NPI data is potentially received electronically under many scenarios:

>> Receiving an appraisal order via e-mail

>> Receiving sales contracts and other financial documents

>> Transmitting final appraisal reports to a lender (either a lender, appraisal management company, appraisal manager, et al.)

>> Ad hoc e-mails with other service providers – agent, mortgage broker, loan officer, et al.

In addition to unauthorized access, the data must be secured from loss due to environmental hazards such as floods, as well as from technological hazards such as system failures.

Obviously, you must implement secure means of sending and receiving documents containing NPI. Utilizing regular e-mails with NPI data in the message body or attachments, and even with password protected PDFs, is not sufficient. Each institution will adopt different levels of implementation. But at its core, NPI data must be secured at all times.

There may be cases where the institution receives no NPI, and therefore, in hindsight, encryption would not have been necessary. It would be tempting for an institution to decide therefore that security overall is not needed until the presence of NPI is certain. However, the institution would not be aware of the scope of NPI until the data had already been received, which would already be a security breach if NPI was indeed present. The safest route is to assume that NPI is present, so you must secure all communications appropriately.

Any time you receive or handle a document with a credit card number, a bank account number, a loan account number, or an SSN on it, you’re handling the most sensitive data in the consumer’s NPI, and the security and privacy standards go up accordingly. Since you don’t know when you’ll receive data that already contains something sensitive, it’s prudent to employ the strictest security all the time, up front, so that it’s not “too late” by the time you see it.

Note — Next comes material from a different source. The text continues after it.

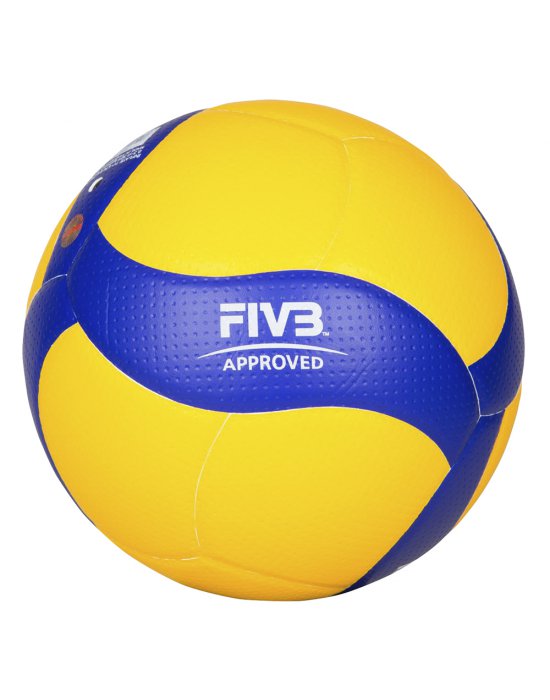 Mikasa V300W volleybal, foto 3 van 3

Regardless of the scope and type of encryption methods and processes used, developing a written security plan describing them is not optional. The law specifically requires that it be written and regularly reviewed. The institution must have it on file, and the privacy statement must refer to its presence.

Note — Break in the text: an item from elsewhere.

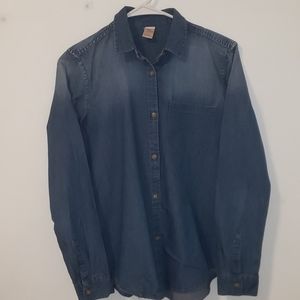 Denim Shirt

An important consideration when evaluating your compliance solutions is to scale them to your needs, and remember that it’s not “all or nothing.” Improving security and compliance is a path, not a destination. It will never be “done” because the risks and methods constantly change. Don’t feel like you have to have it all done tomorrow. You don’t. You do need to start, and be educated, however. Security and privacy issues are not going away, ever. Now, more than ever, top-level privacy and security are good business, and those safeguards are appealing to your clients. When you decide to change your policies to enhance your customers’ protections, tell the market about it so you’re leveraging your compliance expenses for your institution’s benefit, too.